Marci Hamilton, Fels Institute of Government Professor and founder and CEO of CHILD USA, clerked for O’Connor from 1989 t0 1990. Penn Today asked Hamilton to share her thoughts on O’Connor’s legacy as a legal pioneer who valued her family as much as her career.

A woman in a blue dress with grey hair stands next to a woman in a black blazer and green mock turtle neck, with a potted palm on the right side of the woman in blue, and the bottom of a large gold picture frame behind them
Marci Hamilton, (right) Fels Institute of Government Professor of Practice and CEO of CHILD USA, clerked for Justice Sandra Day O’Connor from 1989 to 1990.

Justice Sandra Day O’Connor, or “SO’C,” as her clerks call her, was the first woman to join the United States Supreme Court and held that position with dignity. Her strength of character made her precisely the right person to be the “first.”

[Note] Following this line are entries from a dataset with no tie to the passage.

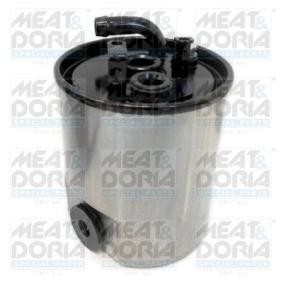 Compre Filtro de combustível da MEAT & DORIA 4577 a um preço baixo por 20,54 €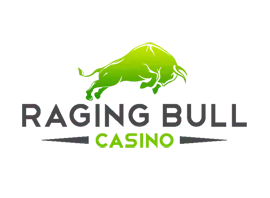 Raging Bull Casino logo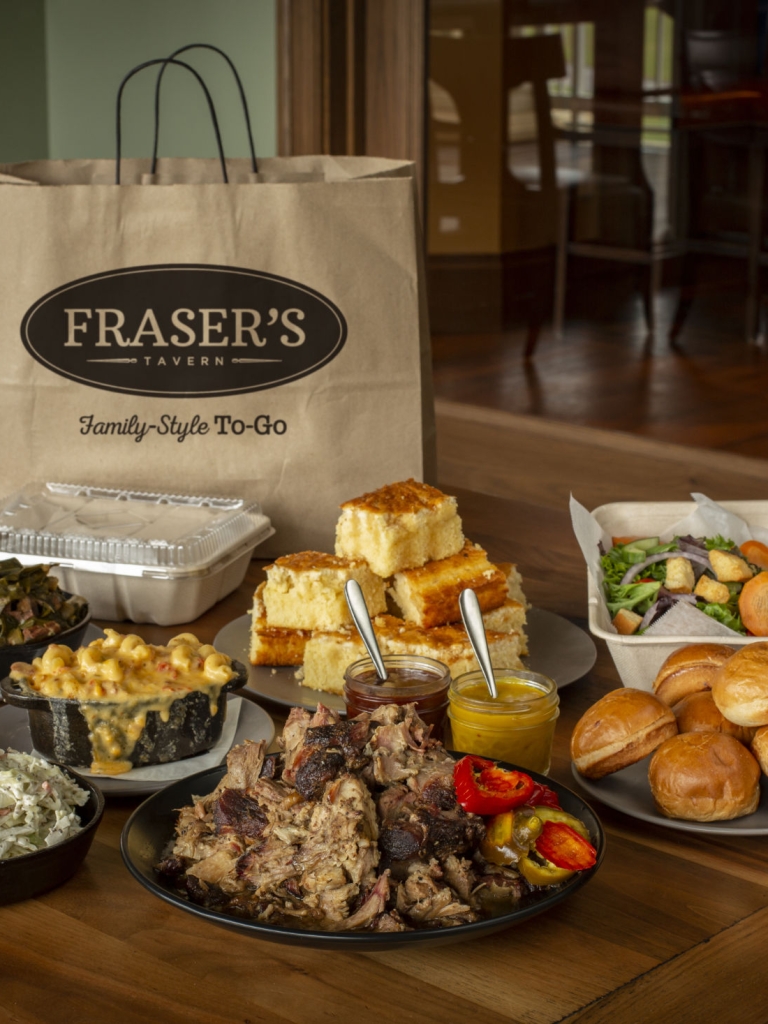 Frasers to go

The work ethic in SO’C’s chambers was intense. We were expected to produce high-quality research, certiorari pool memos, bench memos, and opinion drafts on time. We even drafted her speeches, and she was the most-requested justice in that era. During the 1989 term, there were 129 full opinions of the Court, which more than doubles the number from the most recent term, and clerks routinely worked seven days each week. I went home to Bucks County, Pennsylvania, for two days that year: Christmas and Easter.  

Despite the pressures, we were held to the highest levels of professionalism. She could not be bullied into changing her mind, though Lord knows that Justice Antonin Scalia tried; I watched her rise above pettiness in her personal dealings with others as well as in her opinions for the Court.

Woman with gray hair in pink suit smiles standing behind two children, a girl on her left and a boy on her right
Justice O'Connor with Marci Hamilton’s two children, daughter Alex (left) and son Will. (Image: Courtesy of Marci Hamilton)

The business of the Court was only part of what SO’C expected of us. She imposed an ethos of the “full life” in her chambers. We carved pumpkins for Halloween, visited the cherry blossoms in the spring, went to museums, and at least one clerk had to be the “exercise clerk,” who joined her for the 9 a.m. daily exercise class she organized in the building. That was me. She brought her own homemade Southwestern dishes for lunch on Saturdays before argument weeks when we would meet to discuss the cases. And family came first.

She and her husband, John, had an active social calendar in Washington, and she was often on the phone with one of her sons when I would come into her office that year. She often asked about our families and made clerk reunions family events. Her clerks’ children even have a nickname: “SO’C Grandclerk,” which is emblazoned on T-shirts.

I was blessed to be one of her clerks and, therefore, a part of her extended family.